I came to New Hampshire more than  20 years ago to complete my medical training in rheumatology. My wife and I fell in love with the state.  I took a job as a staff physician at the VA in Manchester, quickly learning that the veterans’ needs extended beyond the exam room. I became the department chairman and then the regional director for medical services for VA New England.

When the VA began endangering patients and administration covered up problems instead of fixing them, I asked politicians for help. When they refused, I felt I had to go public to protect our veterans from further harm. I risked everything. That’s what real leaders do. If I hadn’t done that I wouldn’t be able to look my staff in the eyes.

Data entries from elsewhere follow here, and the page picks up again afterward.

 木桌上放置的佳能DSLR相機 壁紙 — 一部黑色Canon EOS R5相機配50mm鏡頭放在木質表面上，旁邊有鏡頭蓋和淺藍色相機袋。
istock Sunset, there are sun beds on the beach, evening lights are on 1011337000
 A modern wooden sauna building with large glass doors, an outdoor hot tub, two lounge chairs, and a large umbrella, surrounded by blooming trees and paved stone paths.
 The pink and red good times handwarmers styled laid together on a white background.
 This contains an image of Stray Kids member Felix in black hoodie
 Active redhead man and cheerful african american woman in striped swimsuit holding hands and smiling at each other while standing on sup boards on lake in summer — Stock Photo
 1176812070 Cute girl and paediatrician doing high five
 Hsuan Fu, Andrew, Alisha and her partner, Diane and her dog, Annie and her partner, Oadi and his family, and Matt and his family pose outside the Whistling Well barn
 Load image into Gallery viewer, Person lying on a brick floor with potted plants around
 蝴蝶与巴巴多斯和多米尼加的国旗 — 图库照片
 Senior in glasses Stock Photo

Change did come in the form of dismissed administrators and $30 million in funding to improve the facility, but clearly more needs to be done. Now I’m running for Congress to blow the whistle on Washington to end illegal immigration, to defend our constitutional rights and a whole lot more. Gridlock and partisan politics are keeping congress from solving our nation’s problems.

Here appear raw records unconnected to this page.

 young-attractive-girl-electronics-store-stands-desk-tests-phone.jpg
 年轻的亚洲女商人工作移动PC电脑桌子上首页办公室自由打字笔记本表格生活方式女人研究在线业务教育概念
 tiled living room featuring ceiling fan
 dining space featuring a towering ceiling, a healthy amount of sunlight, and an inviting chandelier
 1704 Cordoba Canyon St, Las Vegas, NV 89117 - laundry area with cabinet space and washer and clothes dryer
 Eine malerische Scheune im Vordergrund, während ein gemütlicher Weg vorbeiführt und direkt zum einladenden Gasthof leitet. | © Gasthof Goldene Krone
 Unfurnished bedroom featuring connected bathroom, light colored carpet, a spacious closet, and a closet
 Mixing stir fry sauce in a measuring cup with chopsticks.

We have a broken health care system that is wasteful and ineffective. In many cases taxpayer dollars pay for the basic research for drugs those same taxpayers will never be able to afford. Medicare itself is even barred from negotiating for drug prices. Some politicians are even campaigning on “Medicare for all,” ignoring that the cost will be up to $38 trillion over a ten-year period.

Our national debt is our greatest threat to the prosperity of our next generation. It is an even greater threat than the opioid crisis. The opioid crisis will never be overcome until we secure our borders. Drugs are flowing across our southern border at an alarming rate. Cofentanyl from China is killing our children and endangering our first responders.

People are tired of hearing the empty campaign promises of career politicians. I’m not a politician, I’m a doctor. Doctors always advocate for their patients. In Congress, I intend to be an advocate for the people of NH’s second Congressional district.  As an advocate for New Hampshire, I intend to go to Washington and work with the president to drain the swamp.

I am constantly reenergized by seeing how important this election is.  Midterms, especially this one, don’t get the attention they deserve. America is making huge strides forward under a Republican plan. Economic growth continues at a record pace. NATO now understands we won’t continue to carry their burden. The President has shown strength in renegotiating trade agreements here in North America that have previously cost Americans an untold number of jobs. Those jobs are coming back. All this can stall if we don’t preserve this American attitude in Congress. In fact, I see it as a New Hampshire attitude.

That is why I am running. Please go to LevensonforCongress.com and sign up to get involved.



  • Where did you go on your first date?

My wife and I knew each other from residency training in Internal Medicine. She was a doctor as well. We had lost touch and met again at a board exam.  I asked her out and we had dinner at a Japanese restaurant on Long Island, NY.

  • If someone hit the play button on your iTunes/CD player/etc right now, what song would play?

Diana Krall,  “Blue Skies”

  • You’ve been selected for a mission to Mars. You can have one last meal on Earth–in New Hampshire–before you go. What is it?

Meat Lover’s Pizza from Constantly Pizza in Concord, topped off by one of their “lobster tail” pastries from Boston’s North End.